Hace poco vi unos de estos cuadritos de Instagram que decía que ya no le valía tomar café, que necesitaba morder un cable eléctrico. Así me siento yo habitualmente, pero leerlo me hizo gracia. Lo había puesto otra madre de un chaval autista pero él en grado 3. Yo lucho cada día entre el mantenerme despierta y descansar lo suficiente. Como ven, yo, que tenía que despertarme a las 7 y estoy aquí, con el móvil, escribiendo esta entrada, la cosa me sale de pena.
Como digo, esta tarde me iré y no vuelvo hasta el lunes. Sin mi marido, que le toca trabajar pero con los chicos. Y ahí si que si que me relajaré porque estaré haciendo lo que más me gusta en el mundo. Escribir.
Si tuvieras que renunciar a una palabra que utilizas habitualmente, ¿cuál sería?

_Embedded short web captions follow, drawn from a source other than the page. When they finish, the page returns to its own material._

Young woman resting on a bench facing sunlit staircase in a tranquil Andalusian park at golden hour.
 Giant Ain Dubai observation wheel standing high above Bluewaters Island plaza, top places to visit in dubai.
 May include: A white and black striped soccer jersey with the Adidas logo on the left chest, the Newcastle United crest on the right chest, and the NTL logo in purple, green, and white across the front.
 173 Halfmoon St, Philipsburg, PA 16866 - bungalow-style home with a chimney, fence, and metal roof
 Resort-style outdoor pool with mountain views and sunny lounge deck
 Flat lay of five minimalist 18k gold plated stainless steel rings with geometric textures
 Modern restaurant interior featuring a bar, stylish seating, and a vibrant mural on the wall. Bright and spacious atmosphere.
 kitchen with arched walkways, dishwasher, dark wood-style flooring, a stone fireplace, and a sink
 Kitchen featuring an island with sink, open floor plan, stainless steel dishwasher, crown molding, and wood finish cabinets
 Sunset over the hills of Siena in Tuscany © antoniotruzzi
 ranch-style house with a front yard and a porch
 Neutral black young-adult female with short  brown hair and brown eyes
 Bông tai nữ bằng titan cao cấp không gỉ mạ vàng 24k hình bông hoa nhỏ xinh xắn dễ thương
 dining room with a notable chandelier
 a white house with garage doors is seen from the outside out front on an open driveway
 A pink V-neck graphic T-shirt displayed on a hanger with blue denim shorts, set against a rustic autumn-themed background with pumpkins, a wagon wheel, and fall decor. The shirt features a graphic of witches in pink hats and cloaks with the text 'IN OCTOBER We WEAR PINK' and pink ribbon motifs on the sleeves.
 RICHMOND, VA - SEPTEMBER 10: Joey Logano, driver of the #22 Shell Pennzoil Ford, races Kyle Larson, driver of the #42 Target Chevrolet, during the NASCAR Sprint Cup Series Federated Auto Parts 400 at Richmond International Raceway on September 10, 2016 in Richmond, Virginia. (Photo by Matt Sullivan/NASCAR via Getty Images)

Esa es la palabra de la que renunciaría muy alegremente. Soy consciente de que mis hijos no serían las mismas personas que conozco. A las que amo por encima de cualquier otro apartado de mi vida pero, que yo los ame no significa necesariamente que no vea sus dificultades. Los esfuerzos que hacen por vivir en un mundo que, como dice el título de este blog, no les pertenece. Ellos debieron nacer en Avatar. Con buena gente toda, en comunión con la naturaleza. No en este planeta que no los acepta. Que no los mira como iguales.
Actuamos a veces incluso, como no hace la propia naturaleza. Hay veces que ocurre que nace un animal distinto de los de su especie y vemos cómo no son rechazados por su grupo de iguales. Se les huele, se les mira, se les quiere, porque pertenecen a SU grupo. Eso no ocurre con los humanos. El ser humano es capaz de cosas absolutamente maravillosas, pero también de las más horribles.
Esta mañana salieron mis dos hijos de la mano a hacer un recado. Según me cuentan, en parte por sus dificultades, en parte porque les tocó un gilipollas a las doce en punto, lo cierto es que han estado a punto de ser atropellados. Ante los gritos de los testigos mi hija ha reaccionado bien y se ha vuelto a la acera con su hermano de la mano. El tonto, encima, se ha puesto como lo que es y les ha recriminado el comportamiento. Cruzar por un paso de peatones! Qué barbaridad! Iba a aparcar su camión de mercancía en el paso. Para eso estaba dando marcha atrás. Cosa que está prohibida. No se puede pasar donde los peatones tienen habilitado cruzar. Pero no importa, era culpa de ellos. De los raros, de los que aletean las manos ante un peligro, ante quienes se tapan los oídos por los gritos ajenos.
De todo esto me he enterado por teléfono. Gracias al cielo salió mi marido en ese momento y seguro que ha sabido reconducir la situación. Pero yo no me canso de pensar en qué ocurrirá cuando faltemos él y yo.
No tengo, de verdad, ninguna queja del trabajo que me ha dado que mis hijos sean autistas. Son cosas que pasan, y, la genética sólo se ha comportado como debe. Como la ciencia dicta. Pero yo hoy me cago en la genética. Aunque tampoco ella tenga culpa ninguna!